_Aim of the task_.
Find every line containing the string "during" in the data below, and report how many there are, with no other words.

----- Dataset content -----

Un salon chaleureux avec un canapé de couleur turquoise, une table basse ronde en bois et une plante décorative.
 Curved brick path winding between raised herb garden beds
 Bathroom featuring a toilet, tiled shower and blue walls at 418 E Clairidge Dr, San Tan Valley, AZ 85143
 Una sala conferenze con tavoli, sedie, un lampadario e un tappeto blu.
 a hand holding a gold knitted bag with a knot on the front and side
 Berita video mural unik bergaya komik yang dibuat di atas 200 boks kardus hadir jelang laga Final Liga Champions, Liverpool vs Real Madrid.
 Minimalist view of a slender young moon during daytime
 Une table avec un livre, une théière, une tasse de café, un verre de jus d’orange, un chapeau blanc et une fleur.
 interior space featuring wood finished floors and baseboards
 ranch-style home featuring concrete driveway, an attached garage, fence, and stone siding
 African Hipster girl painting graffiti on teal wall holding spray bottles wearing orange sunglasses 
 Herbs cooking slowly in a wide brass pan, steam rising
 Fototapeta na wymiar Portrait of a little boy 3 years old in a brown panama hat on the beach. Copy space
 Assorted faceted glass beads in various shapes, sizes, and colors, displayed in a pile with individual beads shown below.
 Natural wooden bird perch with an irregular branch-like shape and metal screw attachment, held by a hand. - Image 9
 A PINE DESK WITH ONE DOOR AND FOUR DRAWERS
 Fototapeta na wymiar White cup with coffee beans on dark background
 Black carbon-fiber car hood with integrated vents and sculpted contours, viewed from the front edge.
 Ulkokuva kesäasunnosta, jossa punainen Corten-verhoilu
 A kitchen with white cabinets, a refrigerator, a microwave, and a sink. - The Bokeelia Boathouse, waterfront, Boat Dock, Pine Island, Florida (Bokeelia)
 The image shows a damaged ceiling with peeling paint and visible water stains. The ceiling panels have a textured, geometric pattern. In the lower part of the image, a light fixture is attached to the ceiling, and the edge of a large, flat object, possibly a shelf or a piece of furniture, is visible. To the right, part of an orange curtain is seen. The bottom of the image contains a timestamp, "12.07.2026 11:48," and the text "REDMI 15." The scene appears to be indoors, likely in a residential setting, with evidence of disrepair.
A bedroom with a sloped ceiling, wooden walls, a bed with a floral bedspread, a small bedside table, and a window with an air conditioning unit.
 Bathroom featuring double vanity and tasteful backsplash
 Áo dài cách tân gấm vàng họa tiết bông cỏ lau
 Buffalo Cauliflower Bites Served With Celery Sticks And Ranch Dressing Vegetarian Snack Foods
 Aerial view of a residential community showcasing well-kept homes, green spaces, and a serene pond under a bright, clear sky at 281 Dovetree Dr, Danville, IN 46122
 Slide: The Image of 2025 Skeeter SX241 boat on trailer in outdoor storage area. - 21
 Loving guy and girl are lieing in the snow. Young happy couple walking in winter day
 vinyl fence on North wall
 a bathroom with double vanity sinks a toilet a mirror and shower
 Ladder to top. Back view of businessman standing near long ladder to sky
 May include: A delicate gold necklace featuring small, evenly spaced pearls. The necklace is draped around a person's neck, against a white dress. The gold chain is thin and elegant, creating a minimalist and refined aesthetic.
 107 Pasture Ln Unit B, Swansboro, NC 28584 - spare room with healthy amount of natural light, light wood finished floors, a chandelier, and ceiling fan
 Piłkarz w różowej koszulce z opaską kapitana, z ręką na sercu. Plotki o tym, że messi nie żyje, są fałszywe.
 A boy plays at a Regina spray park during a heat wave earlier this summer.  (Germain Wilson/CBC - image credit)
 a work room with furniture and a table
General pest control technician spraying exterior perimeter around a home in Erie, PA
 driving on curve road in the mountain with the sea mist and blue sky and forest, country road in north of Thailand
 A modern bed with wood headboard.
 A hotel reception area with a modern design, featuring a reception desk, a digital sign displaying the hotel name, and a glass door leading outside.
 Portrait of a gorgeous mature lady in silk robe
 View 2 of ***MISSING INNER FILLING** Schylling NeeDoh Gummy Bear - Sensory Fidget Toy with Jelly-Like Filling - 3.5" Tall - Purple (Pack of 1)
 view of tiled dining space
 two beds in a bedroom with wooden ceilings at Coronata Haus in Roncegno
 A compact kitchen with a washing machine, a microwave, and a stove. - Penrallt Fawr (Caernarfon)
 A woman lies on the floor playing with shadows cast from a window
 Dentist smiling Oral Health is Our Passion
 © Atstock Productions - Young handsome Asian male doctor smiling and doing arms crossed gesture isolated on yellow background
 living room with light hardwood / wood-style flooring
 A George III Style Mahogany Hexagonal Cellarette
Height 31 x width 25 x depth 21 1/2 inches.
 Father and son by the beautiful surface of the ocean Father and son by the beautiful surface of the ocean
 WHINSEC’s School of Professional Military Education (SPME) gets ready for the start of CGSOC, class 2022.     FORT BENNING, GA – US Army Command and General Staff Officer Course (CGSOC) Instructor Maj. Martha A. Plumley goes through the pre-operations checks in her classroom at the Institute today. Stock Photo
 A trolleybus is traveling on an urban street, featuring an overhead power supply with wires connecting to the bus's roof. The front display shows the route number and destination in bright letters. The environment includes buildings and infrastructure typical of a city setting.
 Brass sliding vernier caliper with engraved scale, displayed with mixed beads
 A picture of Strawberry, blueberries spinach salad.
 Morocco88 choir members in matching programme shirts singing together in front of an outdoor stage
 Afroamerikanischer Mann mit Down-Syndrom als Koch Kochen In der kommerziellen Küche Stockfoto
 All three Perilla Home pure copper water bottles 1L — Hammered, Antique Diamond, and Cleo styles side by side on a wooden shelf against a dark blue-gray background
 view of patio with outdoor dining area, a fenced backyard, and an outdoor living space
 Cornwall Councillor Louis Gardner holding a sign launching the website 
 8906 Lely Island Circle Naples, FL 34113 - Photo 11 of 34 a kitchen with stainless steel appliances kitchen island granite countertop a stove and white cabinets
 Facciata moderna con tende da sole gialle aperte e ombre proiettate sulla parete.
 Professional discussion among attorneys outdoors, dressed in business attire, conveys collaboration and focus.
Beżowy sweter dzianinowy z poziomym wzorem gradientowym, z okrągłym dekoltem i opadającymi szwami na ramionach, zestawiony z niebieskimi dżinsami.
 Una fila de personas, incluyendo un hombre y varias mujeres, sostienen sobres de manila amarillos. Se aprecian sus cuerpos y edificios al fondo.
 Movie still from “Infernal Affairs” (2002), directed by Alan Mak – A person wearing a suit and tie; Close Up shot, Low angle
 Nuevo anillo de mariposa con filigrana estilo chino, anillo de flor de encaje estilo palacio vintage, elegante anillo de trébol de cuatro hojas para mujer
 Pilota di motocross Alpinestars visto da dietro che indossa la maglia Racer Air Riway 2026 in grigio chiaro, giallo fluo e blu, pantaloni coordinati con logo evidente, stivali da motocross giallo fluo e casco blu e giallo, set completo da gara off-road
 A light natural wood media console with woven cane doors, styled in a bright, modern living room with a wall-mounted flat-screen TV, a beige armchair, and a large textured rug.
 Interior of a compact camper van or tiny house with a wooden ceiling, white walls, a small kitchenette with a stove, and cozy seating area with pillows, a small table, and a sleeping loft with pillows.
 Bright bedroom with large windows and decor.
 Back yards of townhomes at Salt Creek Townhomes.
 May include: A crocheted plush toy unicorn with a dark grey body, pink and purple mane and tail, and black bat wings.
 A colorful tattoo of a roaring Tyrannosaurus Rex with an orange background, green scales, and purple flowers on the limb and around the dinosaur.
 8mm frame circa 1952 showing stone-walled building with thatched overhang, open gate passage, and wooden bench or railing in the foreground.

-----

_Reply_.
2